Our results indicate that in spontaneous English speech, prosodic and syntactic boundaries have a certain tendency to co-occur, but there are also notable differences in their typical positions. In addition, the internal structures of prosodic and syntactic units differ considerably from each other. The most apparent divergence is in the predominant direction of branching: syntactic trees of spoken English language tend to be mainly right-branching, whereas in prosodic trees left- and right-branching structures alternate. It thus seems that prosodic and syntactic structures of spontaneous speech largely follow different patterns in their appearance and perhaps also in their formation.
The presentation first presents results of experiments in which two popular statistical methods were used to model semantic relations of words (Lindh-Knuutila and Honkela 2015). We apply Independent Component Analysis (ICA) and probabilistic topic model (Latent Dirichlet Allocation, LDA) to create semantic representations from a large text corpus. We further compare the obtained results to two semantically labeled dictionaries.

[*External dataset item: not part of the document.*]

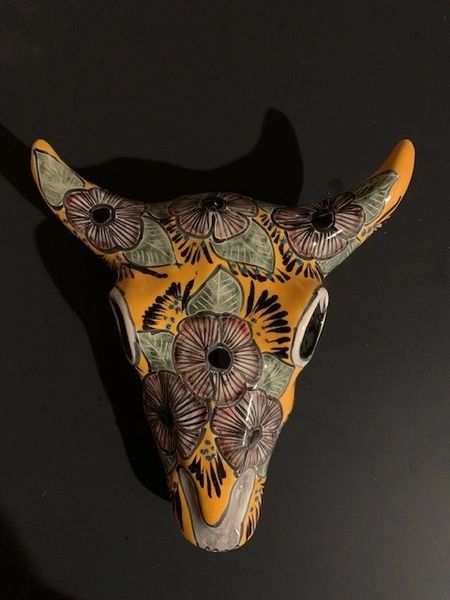 Authentic Hand-Painted Talavera Cow Skull Wall Planter 24351 | Gallery  Ethnica/Tres Gatos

The second part of the presentation discusses some practical, methodological and philosophical aspects related to theory-driven and statistical modeling (see, e.g., Honkela 2007). Relativity has been considered to be a problematic notion but convincing arguments have been presented concerning its importance (see, e.g., Rorty 1991). What is the status of human crafted models used as a gold standard, assumed to be objective representations of linguistic phenomena? Do different, often mutually incompatible representations provide different points of view rather than any of them having an objective status? If the big picture is more complicated than traditionally viewed within linguistics and computational linguistics, what is a sensible way forward? How should linguistic theories and computational models be evaluated? What are the consequences regarding a broader range of scientific disciplines if the semantic relativity includes contextuality and subjectivity of interpretation of linguistic signs (Sintonen et al. 2014)?

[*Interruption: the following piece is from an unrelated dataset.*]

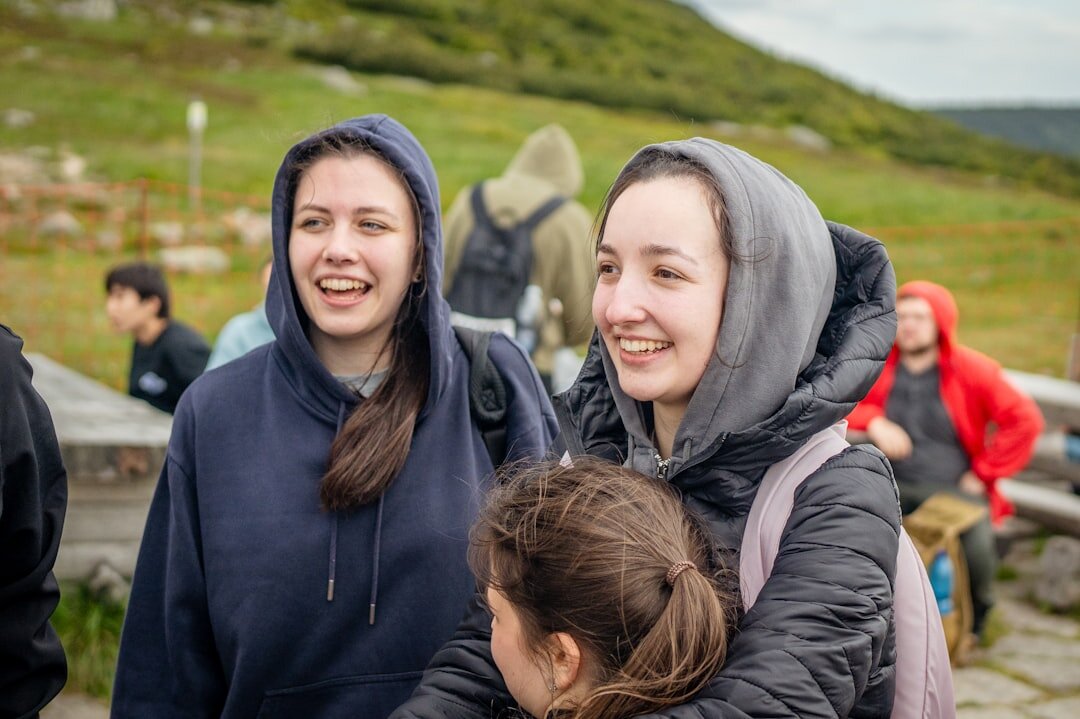 Group of local Danish community members celebrating outdoors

Corpus linguistics hinges on statistical analysis of corpora. To conduct such analysis (e.g., regression or hypothesis testing) well, it is imperative to know the form of models that fit the observations well. To find an answer to this question, I will first present some observations regarding word and collocate occurrence statistics. I will study both occurrence distributions inside texts as well as across texts. Essentially, we review to what extent texts and corpora can be viewed as homogenous entities. Secondly, I will discuss the implications of these observations for statistical comparison of natural language corpora; e.g., for analysis of language change, finding differences between subcorpora, and text segmentation.
Bio: Jefrey Lijffijt is a Postdoc in Data Science at the Ghent University, Belgium. He obtained his D.Sc. (Tech.) diploma with distinction in December 2013 from Aalto University, Finland. His thesis on computational methods to analyse databases of sequences received the Best Doctoral Thesis of 2013 award from the Aalto University School of Science. He obtained a BSc and MSc degree in Computer Science from Utrecht University in 2006 and 2008, respectively. He has worked as a research intern at Philips Research, Eindhoven, as a consultant in predictive analytics at Crystalloids, Amsterdam, and as a postdoctoral researcher at Aalto University, Finland and University of Bristol, UK. His research interests include (visual interactive) mining of interesting/surprising patterns in transactional, sequential, and relational data, including graphs, as well as text mining, natural language processing, statistical significance testing, maximum entropy modelling, and subjective interestingness in data analysis.